Ponieważ Colby Covington zostanie pozbawiony tymczasowego tytułu mistrza wagi półśredniej przy okazji gali UFC 228 i nie on lecz Darren Till zawalczy o pas z Tyronem Woodleyem, Covington obrał sobie za cel Georgesa St-Pierre.
Colby Covington nie dostanie – jeszcze nie teraz – szansy na zdobycie tytułu mistrza wagi półśredniej w walce z mistrzem Tyronem Woodleyem, ale nie wydaje się być tym faktem przygnębiony i pracuje już nad zestawieniem, które byłoby dobrą rekompensatą i walką, która zajmie go na czas oczekiwania na pojedynek ze zwycięzcą Woodley vs Till.
Taką walką mógłby być na przykład pojedynek z byłym mistrzem wagi półśredniej i średniej UFC, Georgesem St-Pierre, który jest wymieniany ostatnio jako jeden z bohaterów grudniowej gali UFC 231 w Toronto.
„Wiem, że GSP szuka partnera do tańca w Toronto. Uważa się, najlepszego zawodnika wagi półśredniej w Historii, ale wszyscy wiemy, że to tylko pobożne życzenie.
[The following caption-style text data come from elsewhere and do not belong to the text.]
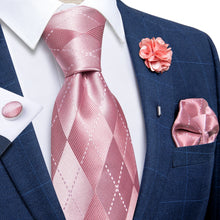 Load image into Gallery viewer, 44809432826112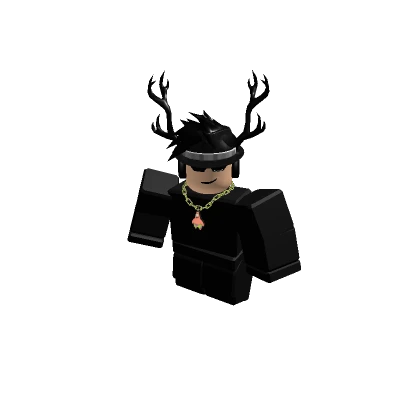 Stoptexting's avatar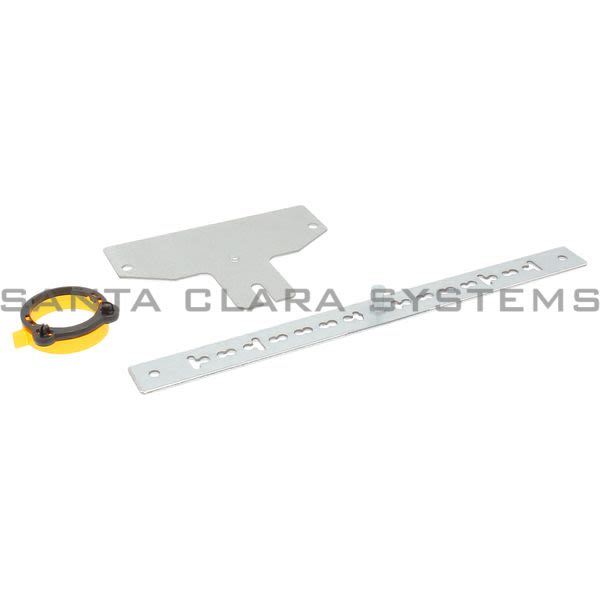 Belimo GMB24-MFT Damper Actuator Product Image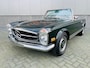 Mercedes-Benz Pagode W113 280SL
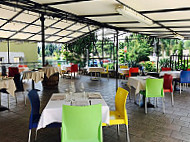 Locanda Moscal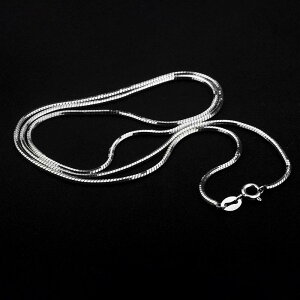 y_g Vo[ Xl[N`F[ X^[ O Vo[lbNX  XlCN {[ `F[ Y fB[X  t@bV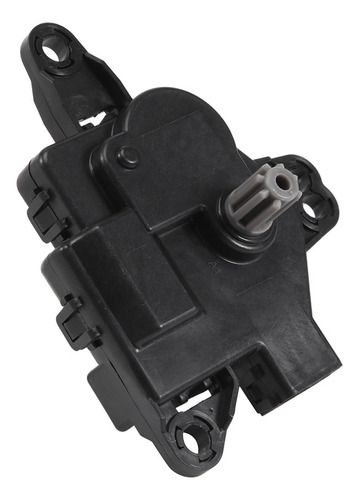 Motor Actuador De Puerta De Modo Hvac De Temperatura Para I4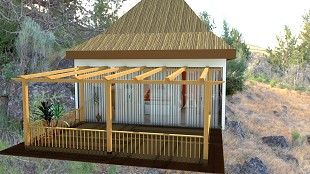 proyecto3-1 - 11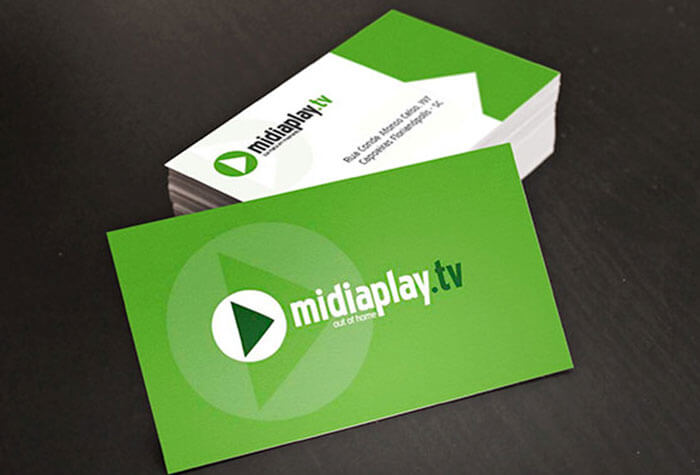 marketing digital, branded content, inbound, agencia produza, marketing, agencia alto padrao, campanhas, clientes produza, plataformas
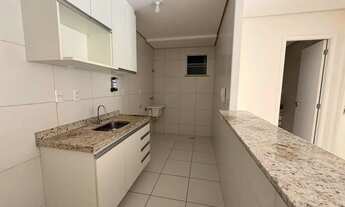 Imagem 6: Apartamento no Renascença com 1 quarto - TR230311 SLZ- 68371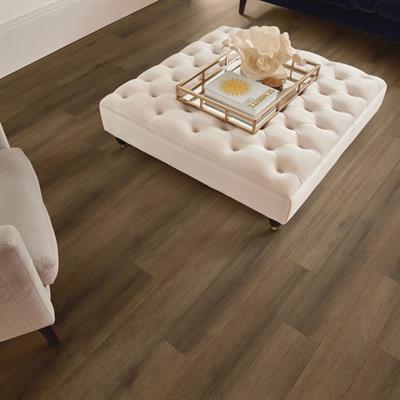 Palio By Karndean - Palio Rigid - Lambro Character Oak Plank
On już nawet nie chce walczyć w wadze półśredniej. On jest małą pie***ną dziwką. On k**a próbuje walczyć z lekkimi i robi wszystko, co możliwe, aby uniknąć dywizji półśredniej, bo wie, że ja tutaj teraz jestem. Wie, że jestem mistrzem wagi półśredniej.
On wie, że to ja jestem prawdziwym i najlepszym zawodnikiem wagi półśredniej w historii, więc zobaczymy, co się stanie, jak to się rozegra. Po prostu nigdy nie wiesz, co się wydarzy.”
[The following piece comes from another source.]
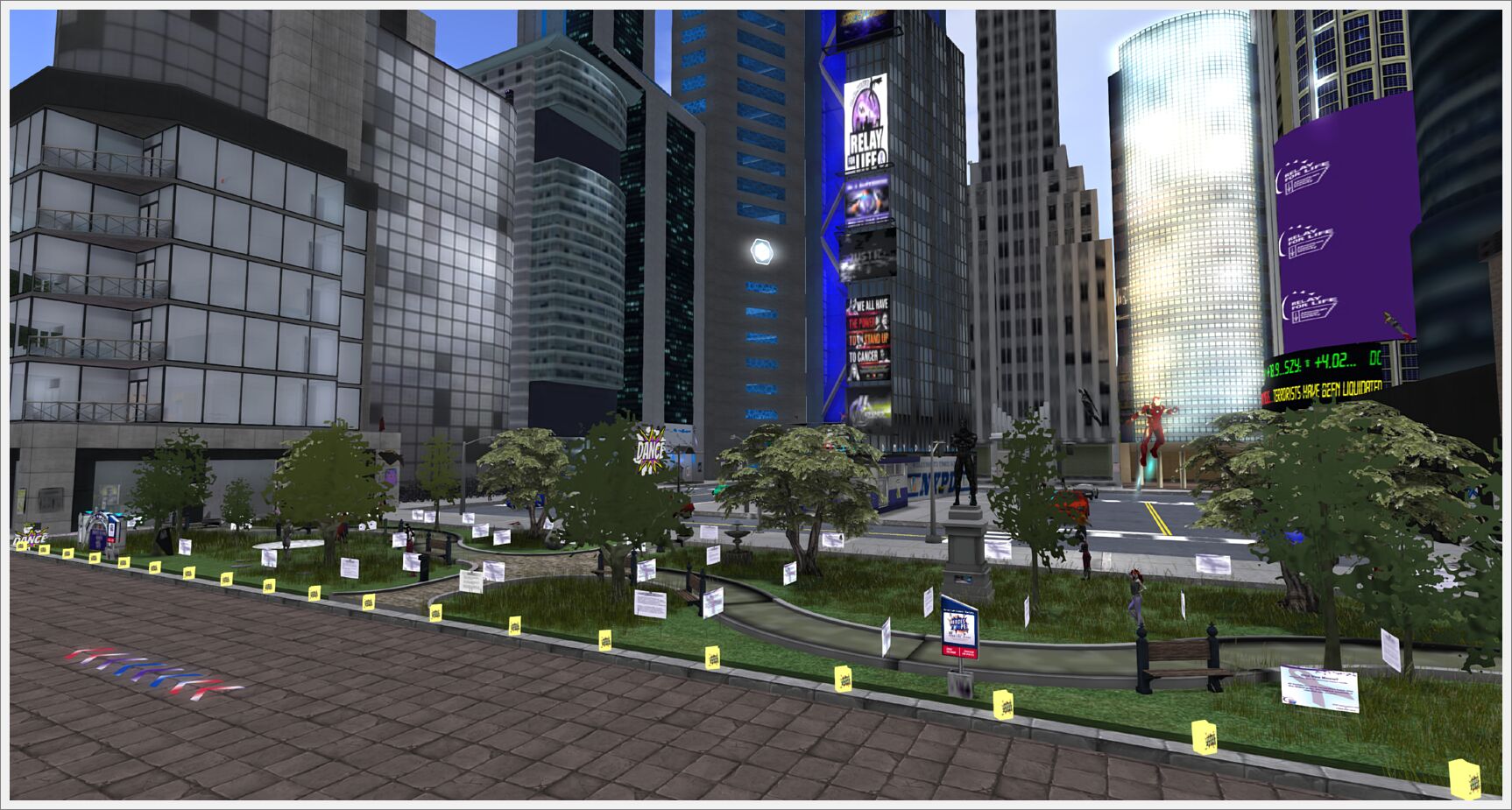 rfl22post-187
Poza walką z GSP, Colby Covington byłby również zainteresowany walką z byłym mistrzem Strikeforce i swego czasu czołowym zawodnikiem UFC Nickiem Diazem. Według Covingtona najlepiej by było, gdyby do tej walki doszło na gali UFC 230, ponieważ na niej młodszy brat Diaza Nate ma się zmierzyć z Dustinem Poirierem.
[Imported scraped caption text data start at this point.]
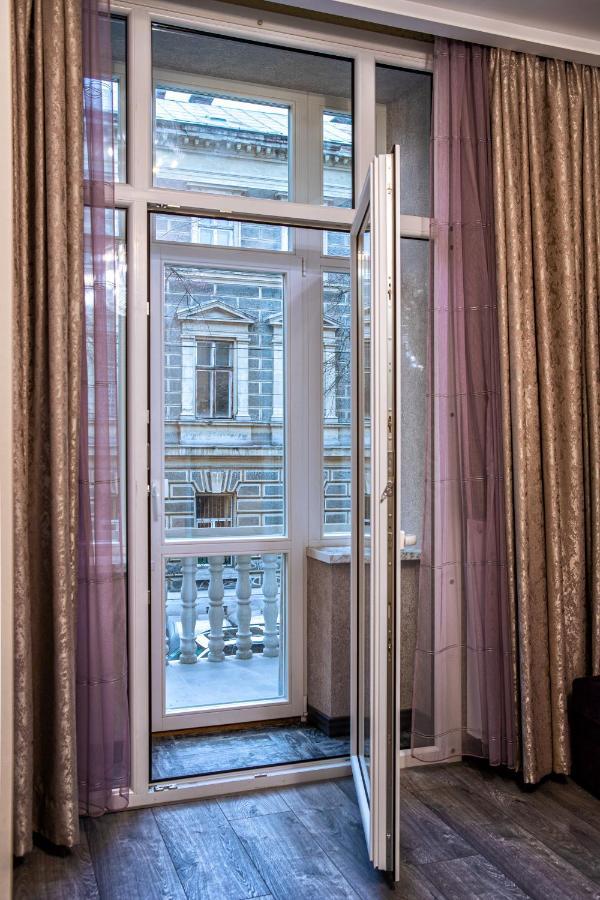 2 - Bedroom Galicia * Lemberg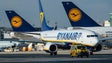 Imagem de Ryanair diz que todos os passageiros com voos cancelados foram notificados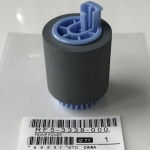 RF5-3338 RF5-3338-000 for HP Pickup Roller 5500 5550 9000 9050 9040 9500 M806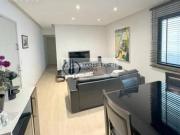 Imoveis na Barra Funda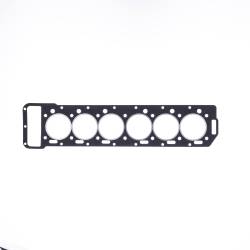 Cometic Gasket Automotive - Cometic C4221-043 Cylinder Head Gasket for Jaguar V12 - Image 1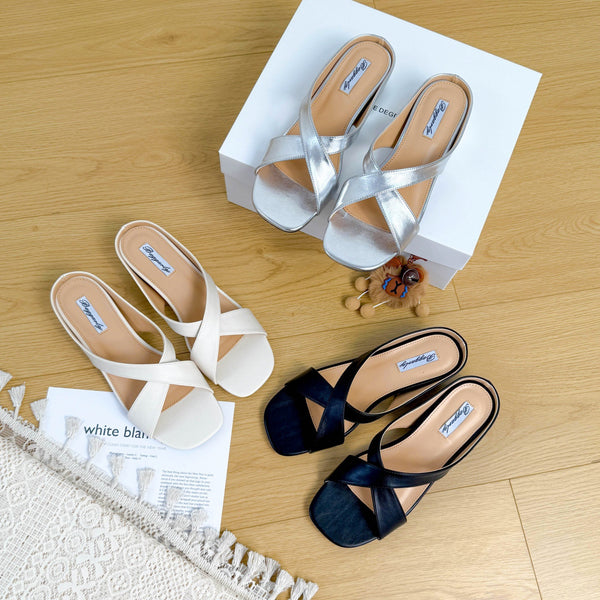 b760ca1594553be906be3f4fcb346ce0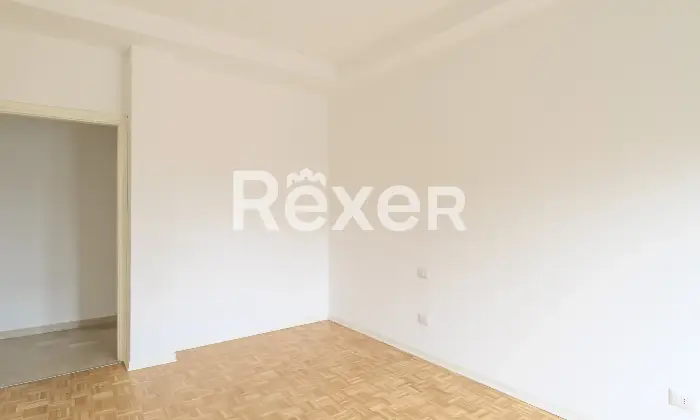 Rexer-Padova-Appartamento-ristrutturato-con-terrazza-Altro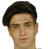 Luca Moro - Team Sassuolo 310498 Live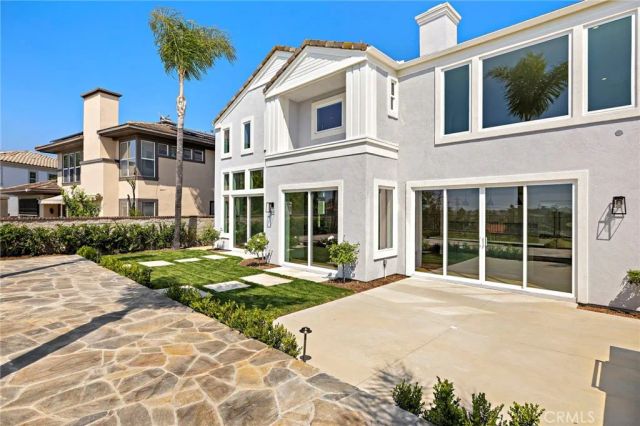 22661 Sweetmeadow, Mission Viejo, CA 92692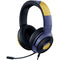Bosnia and Herzegovina Flag Distressed Razer Kraken X Skin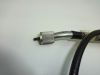 Kilometerkabel Suzuki GS 500 E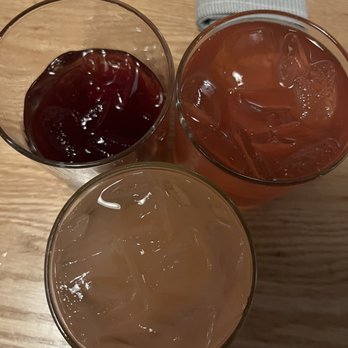 ANJU - Korean Near Me - Washington, DC, District of Columbia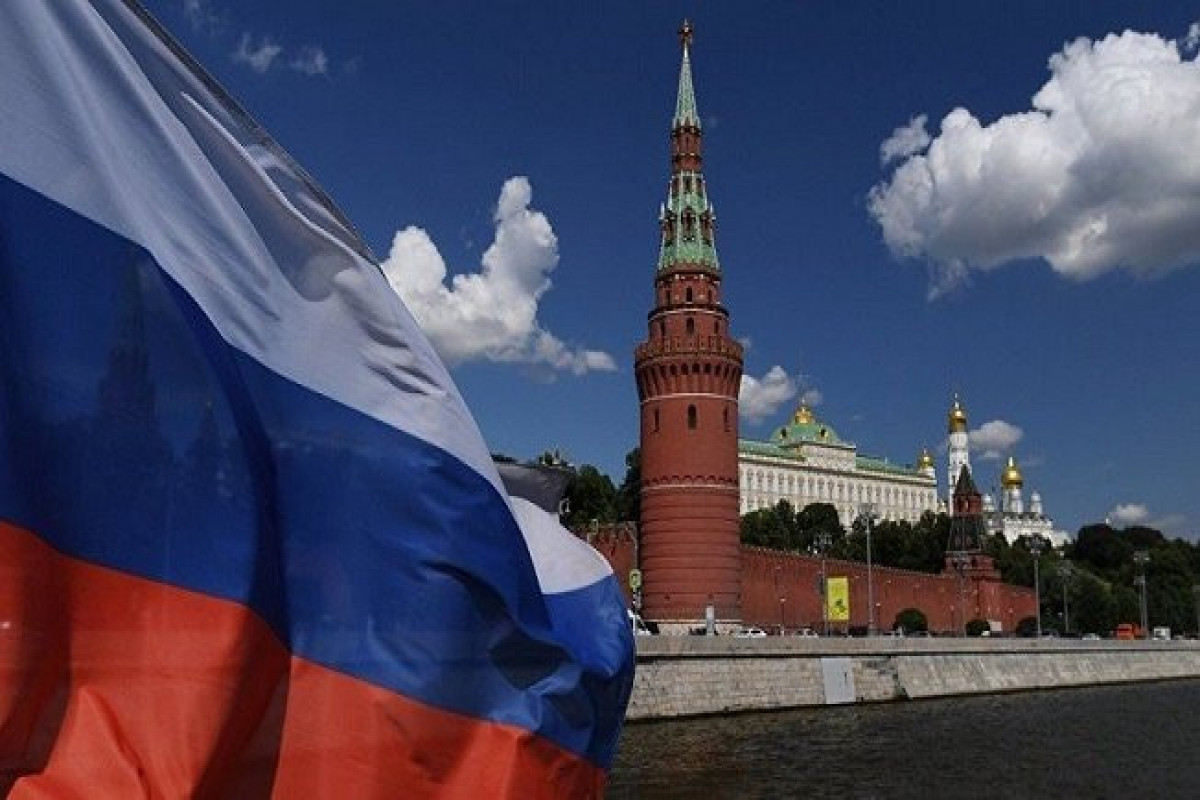 Rusiyada diaspor təşkilatları "xarici agent" elan oluna bilər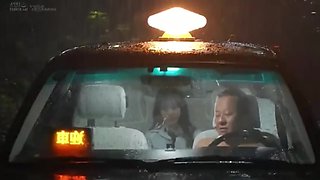 Taxi Driver In My Stepfather, A Cant Resist Himself To Fuck Me Again And Again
„Nick Diaz, ten damski bokser chce zostać bandytą. Nigdy nie wiesz, czy będzie chciał walczyć na tej samej karcie na której wystąpi jego brat i który dostanie łomot od mojego klubowego kolegi Dustina Poiriera. Nigdy nie wiesz, co się wydarzy w międzyczasie, ale jestem następny do walki o tytuł na sto procent.”
Ciekawe kiedy oni zaczną się pozywać za to bezkarne obrażanie 😀
Nigdy. It’s a part of the game.
Tylko polacy potrafia sie pozywac – za doslownie byle co.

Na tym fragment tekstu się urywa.